From Cardinal Seán’s blog

I hope you all had a wonderful Thanksgiving!

Last year I did not go home for Thanksgiving so this year I decided to go and be with the family in Florida.

... We had beautiful weather for the meal and we were able to eat outside. There were many cousins and other relatives who joined us for the occasion.  Altogether, there were about 50 or 60 of us for dinner. 

My family in Florida is very close-knit and they are always looking for opportunities to come together. It is a joy to be part of these family celebrations. It is always a wonderful opportunity to catch up with the family and hear how everyone is doing.

Tuesday (Dec. 2), we celebrated an Advent Mass for the Order of Malta here at the Pastoral Center’s Bethany Chapel.

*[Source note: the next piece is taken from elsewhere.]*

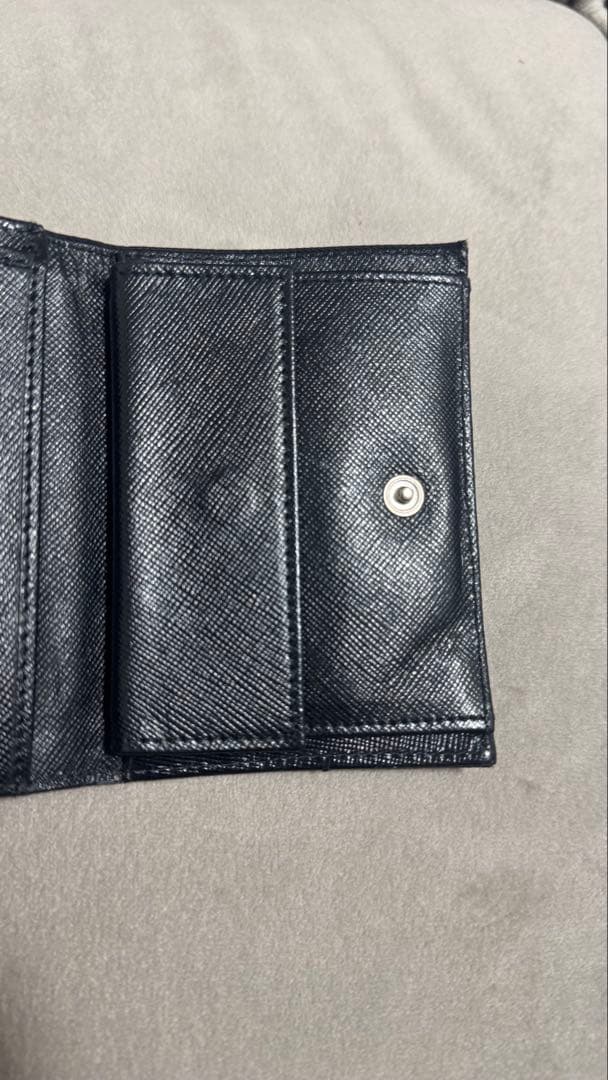 PRADA プラダ ナイロン レザー 三角ロゴ トライアングル 三つ折り財布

For many of the knights and dames it was their first time at the Pastoral Center.

The Boston Area Order of Malta holds its annual Mass and dinner at Boston College in October. Last week’s additional gathering at the Pastoral Center provided the membership the opportunity to see our new Archdiocesan headquarters.

After the Mass we all had dinner, where we heard from Father John McLaughlin about his new ministry.

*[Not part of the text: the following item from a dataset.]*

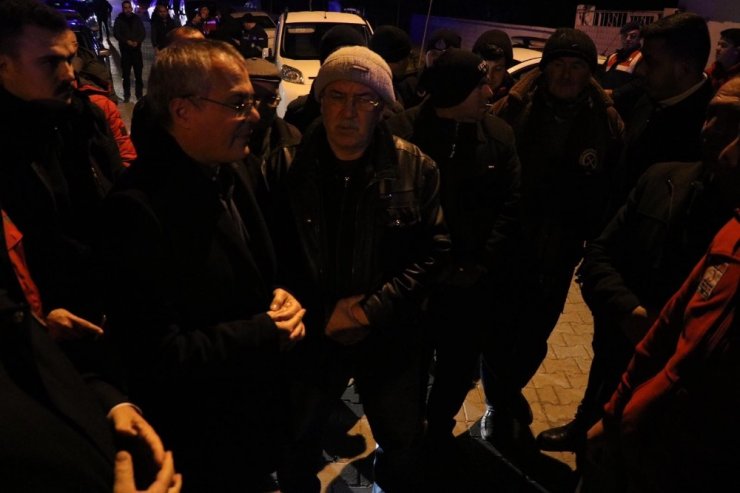 Akhisar’da meydana gelen depremin şiddeti kameraya yansıdı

Father McLaughlin is the new vocations director for the Archdiocese for the Military Services, which serves those who serve in the armed forces.

It was very encouraging to hear about his work. He only started a few months ago and already heard from a hundred individuals, either priests looking to be chaplains or young men interested in entering the seminary. He said he has also heard from women interested in joining religious life. Father McLaughlin is there to help them in that process of discernment and to encourage them.

One of the interesting statistics Father McLaughlin shared with us is that nearly one-tenth of the ordinations each year are men who have been in the military.

I was very happy to hear his remarks. He gave a very engaging talk about his own vocation and the experience of doing his work.

Father McLaughlin is on loan for three years in this ministry, so we are pleased it is making an impact. I am very pleased because it was a great sacrifice for us because he was at St. Monica’s in Methuen, where he was the pastor and doing a fantastic job. However, if it helps the Church in the whole United States, then it is worth it.

On Wednesday I met with the recently ordained priests of the archdiocese. In each diocese where I have been bishop, I have tried to gather with the younger priests for prayer, a shared meal and conversation--as part of their ongoing formation following the Jesu Caritas format.

As part of our conversation, we talked about the economic crisis and how to minister to our people in this time of economic uncertainty. It is a time when some of our parishioners are losing their homes and losing their jobs. People are worried about tuition payments and mortgage payments.

We also talked about some of the root causes of this crisis and the commercialism of our age.

We want our parishes to be communities that are supportive of parishioners who are in tough times and facing economic difficulties.

It was interesting to hear the young priests exchanging their ideas, thoughts and experiences of what is happening in their parishes.